[[ Information given open ]]

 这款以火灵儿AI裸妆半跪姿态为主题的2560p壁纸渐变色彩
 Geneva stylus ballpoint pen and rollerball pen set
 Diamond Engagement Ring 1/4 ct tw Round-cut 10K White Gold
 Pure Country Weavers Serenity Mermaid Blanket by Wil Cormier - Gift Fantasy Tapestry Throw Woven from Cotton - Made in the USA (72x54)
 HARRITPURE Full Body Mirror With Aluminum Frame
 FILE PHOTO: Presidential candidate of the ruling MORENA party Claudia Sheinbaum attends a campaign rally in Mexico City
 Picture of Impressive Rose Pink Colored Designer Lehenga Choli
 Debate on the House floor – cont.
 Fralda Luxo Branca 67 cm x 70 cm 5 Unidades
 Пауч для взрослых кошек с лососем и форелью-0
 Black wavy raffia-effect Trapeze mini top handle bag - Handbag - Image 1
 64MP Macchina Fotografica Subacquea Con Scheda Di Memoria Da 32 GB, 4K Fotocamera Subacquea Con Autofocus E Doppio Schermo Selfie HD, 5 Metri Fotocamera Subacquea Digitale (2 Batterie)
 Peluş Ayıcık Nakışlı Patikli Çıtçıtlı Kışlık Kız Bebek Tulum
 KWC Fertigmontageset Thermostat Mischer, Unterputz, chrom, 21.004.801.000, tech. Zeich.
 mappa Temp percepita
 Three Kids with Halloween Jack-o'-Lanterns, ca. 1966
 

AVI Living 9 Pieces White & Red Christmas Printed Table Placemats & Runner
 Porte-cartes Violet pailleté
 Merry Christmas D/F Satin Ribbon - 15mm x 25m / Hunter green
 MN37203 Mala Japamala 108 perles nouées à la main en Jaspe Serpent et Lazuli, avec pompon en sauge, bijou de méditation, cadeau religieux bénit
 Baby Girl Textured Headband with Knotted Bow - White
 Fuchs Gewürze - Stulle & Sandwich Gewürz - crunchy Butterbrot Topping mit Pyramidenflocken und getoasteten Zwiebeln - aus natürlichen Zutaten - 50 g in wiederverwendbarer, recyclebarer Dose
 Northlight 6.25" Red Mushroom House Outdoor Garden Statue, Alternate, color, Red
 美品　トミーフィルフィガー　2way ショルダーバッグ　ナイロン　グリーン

[[ Information given closed ]]

Please repeat every record above word for word.

> **Expected answer**
 这款以火灵儿AI裸妆半跪姿态为主题的2560p壁纸渐变色彩
 Geneva stylus ballpoint pen and rollerball pen set
 Diamond Engagement Ring 1/4 ct tw Round-cut 10K White Gold
 Pure Country Weavers Serenity Mermaid Blanket by Wil Cormier - Gift Fantasy Tapestry Throw Woven from Cotton - Made in the USA (72x54)
 HARRITPURE Full Body Mirror With Aluminum Frame
 FILE PHOTO: Presidential candidate of the ruling MORENA party Claudia Sheinbaum attends a campaign rally in Mexico City
 Picture of Impressive Rose Pink Colored Designer Lehenga Choli
 Debate on the House floor – cont.
 Fralda Luxo Branca 67 cm x 70 cm 5 Unidades
 Пауч для взрослых кошек с лососем и форелью-0
 Black wavy raffia-effect Trapeze mini top handle bag - Handbag - Image 1
 64MP Macchina Fotografica Subacquea Con Scheda Di Memoria Da 32 GB, 4K Fotocamera Subacquea Con Autofocus E Doppio Schermo Selfie HD, 5 Metri Fotocamera Subacquea Digitale (2 Batterie)
 Peluş Ayıcık Nakışlı Patikli Çıtçıtlı Kışlık Kız Bebek Tulum
 KWC Fertigmontageset Thermostat Mischer, Unterputz, chrom, 21.004.801.000, tech. Zeich.
 mappa Temp percepita
 Three Kids with Halloween Jack-o'-Lanterns, ca. 1966
 

AVI Living 9 Pieces White & Red Christmas Printed Table Placemats & Runner
 Porte-cartes Violet pailleté
 Merry Christmas D/F Satin Ribbon - 15mm x 25m / Hunter green
 MN37203 Mala Japamala 108 perles nouées à la main en Jaspe Serpent et Lazuli, avec pompon en sauge, bijou de méditation, cadeau religieux bénit
 Baby Girl Textured Headband with Knotted Bow - White
 Fuchs Gewürze - Stulle & Sandwich Gewürz - crunchy Butterbrot Topping mit Pyramidenflocken und getoasteten Zwiebeln - aus natürlichen Zutaten - 50 g in wiederverwendbarer, recyclebarer Dose
 Northlight 6.25" Red Mushroom House Outdoor Garden Statue, Alternate, color, Red
 美品　トミーフィルフィガー　2way ショルダーバッグ　ナイロン　グリーン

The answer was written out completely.